You've probably noticed the phrase "brrr" along with a bug-eyed character painted on buildings, trash cans and alley ways.
It's believed the artist behind the street art has been arrested, but not for his illegal street art.
"I see them everywhere too," said Louisville resident Andrew Smith. "It's not in just a certain part of town. It's literally everywhere such as right here."
Trying to find out who's behind the "brrr" tag has become a game among locals.
#whoisbrrr is a constant trending topic online.
But now it's believed the man behind "brrr" is behind bars.
Philip Rodriguez,25, was arrested Wednesday in connection with an alleged assault and robbery at the Regalo gift shop on S. 4th Street in Louisville.
According to the arrest warrant, the owner of Regalo was upset when he discovered the "brrr" tag on the outside of his store.
After removing the tag, he created shirts with the design and started selling them.
When Rodriguez found out, police say he entered the store and grabbed 19 of the shirts, telling the owner he had no right to sell his copyrighted image.
An arrest report says Rodriguez shoved the owner and knocked over a store display on his way out.
Damon Thompson, a Louisville artist, says he can relate with Rodriguez.
"I was immediately on brrrs side when I heard the story. Mainly because a very similar thing has happened to me," Thompson told WDRB.
Thompson says about six years ago, he came up with a t-shirt design that was used without permission by the same store.
"My first reaction was to go in there and yell at them but I thought, you know, that's not going to solve anything. Without asking me, without asking where'd that idea come from, they just printed off their own shirts so they could fill their shelves and fill their pockets," he said.
Dan Fitzgerald owns Mag Bar in Old Louisville. That's where WDRB found the "brrr" tag on the outside and inside of his business.
"In some places I'll let it go like if it's in the back room or bathroom but if it's in a highly visible place, especially on woodwork we've just done, it's something we have to take care of and spend a lot of time and money removing it," Fitzgerald told WDRB.

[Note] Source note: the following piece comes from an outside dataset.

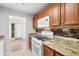 Updated kitchen with granite counters, gas range, microwave and hardwood cabinets offering ample storage at 10038 62Nd N Ter # 1, St Petersburg, FL 33708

Some believe now that the law has gotten involved, "brrr" may never be the same.
"The myth is gone and that's unfortunate. Everyone had a fun time wondering who "brrr" was. It's a little disappointing to all of us to know who it is now," said Thompson.
WDRB reached out to Regalo. They declined an on camera interview but said they feel victimized and don't feel they've done anything wrong.
It's unclear if the image is in fact copyrighted.
Rodriguez remains in jail on a $5,000 bond.
He faces charges of robbery and criminal mischief.